A 13.64 per cent jump in the acreage of bajra has helped coarse cereals sowing this year with the coverage in Rajasthan, in particular, increasing by over 8 lh. Uttar Pradesh has reported a marginal rise.
The area under jowar is down by 2.64 per cent at 12.91 lh, mainly in view of the acreage declining in Maharashtra and Uttar Pradesh. The sowing of maize has finally caught up with the reality of record-high prices currently in the market with sowing increasing in Maharashtra, Karnataka and Rajasthan.

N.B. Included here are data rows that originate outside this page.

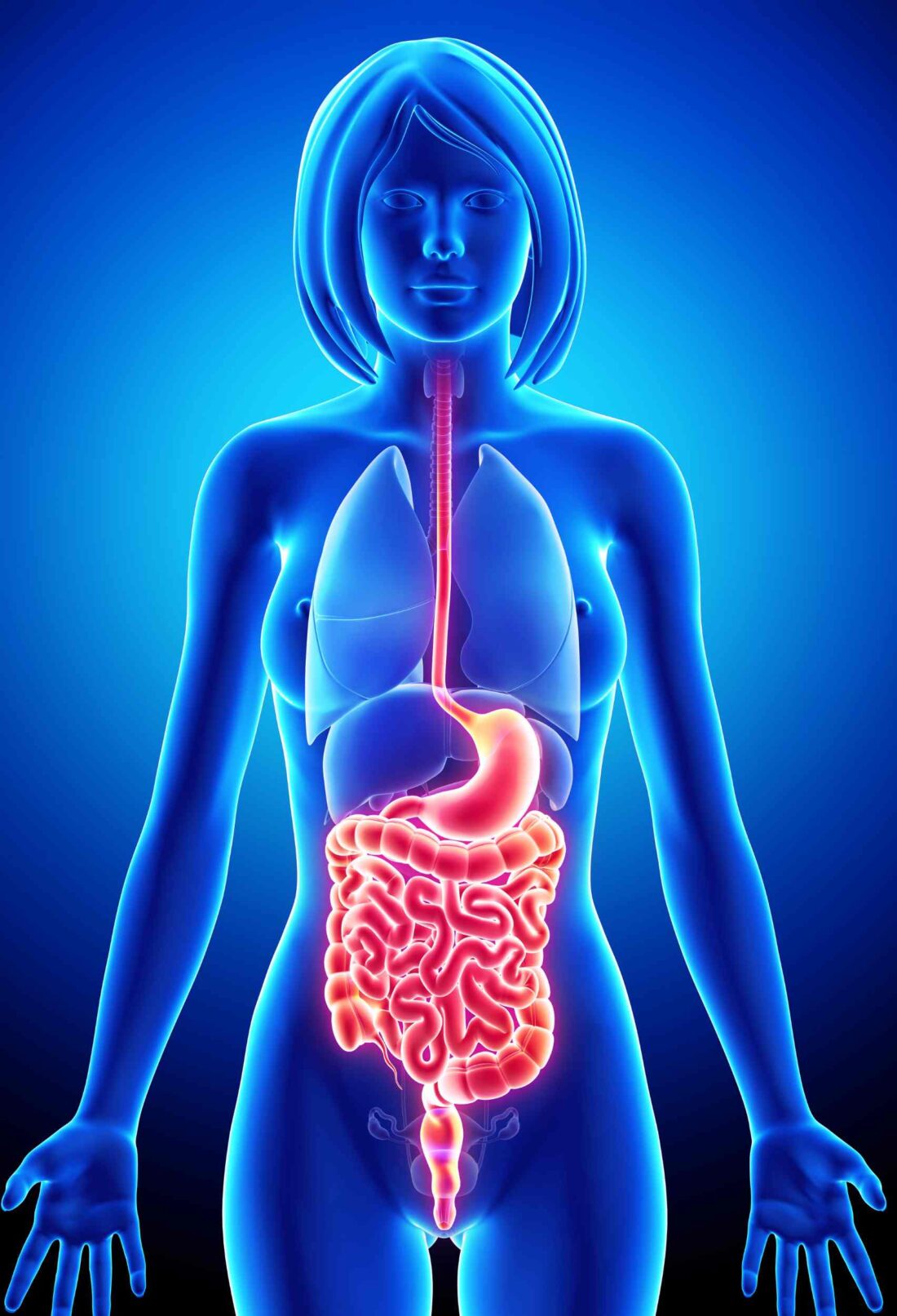 The Link Between Gut Health and Autoimmune Conditions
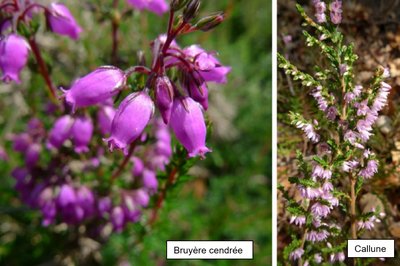 Bruyère cendrée et Callune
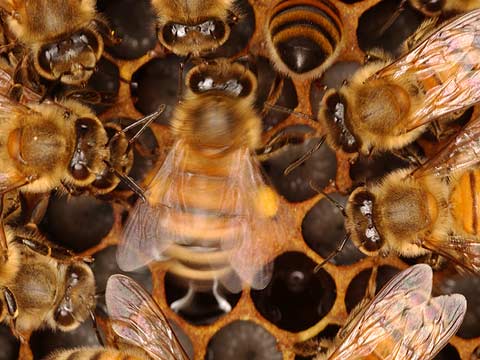 ミツバチの８の字ダンス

Soya heads for record high
Among pulses, tur (arhar or pigeon pea) has shown a sharp drop of 11.67 per cent with the acreage slipping (42 lh vs 47.55 lh), while the area under urad has dipped a tad (34.19 lh vs 35.82 lh). Moong coverage is also down a tad.

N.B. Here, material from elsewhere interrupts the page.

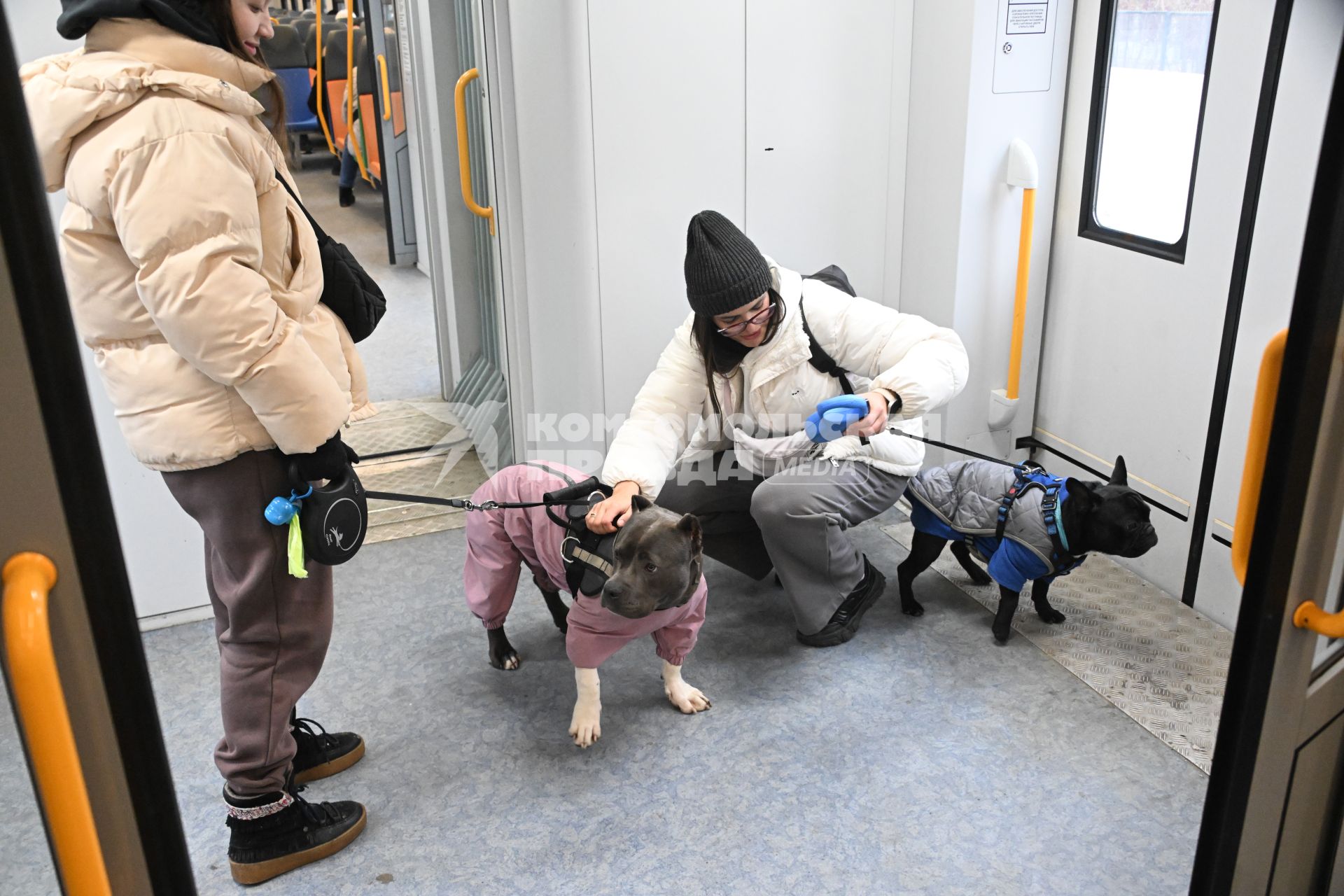 Девушки с собаками в электричке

In the oilseeds category, soyabean is heading for a record high acreage with 118.76 lh (117.93) being covered so far. Surprisingly, the area under the bean is down in Madhya Pradesh by 4 lh, while Maharashtra (up 4 lh), Karnataka and Rajasthan have more than made up for the drop.
However, oilseeds coverage has been dragged lower by groundnut sowing, which is down by 9.67 per cent at 42.87 lh compared with the year-ago period. The slippage is mainly on account of a drop in coverage in Gujarat (2.1 lh) and Karnataka (2 lh). Madhya Pradesh and Rajasthan have partially made up for the decline. The area under sunflower, sesame and castor has increased.
As expected, cotton coverage has gained on account of record high prices during the current season to September. So far, 123.08 lh have been brought under the natural fibre against 116.15 lh a year ago. Gujarat and Maharashtra have led the rise in cotton acreage this year, topping 25 lh and 41 lh respectively.
The area under jute and mesta is unchanged, while sugarcane acreage has increased to 52.50 lh as sugar mills have been able to clear the cane arrears without much delay this season to September.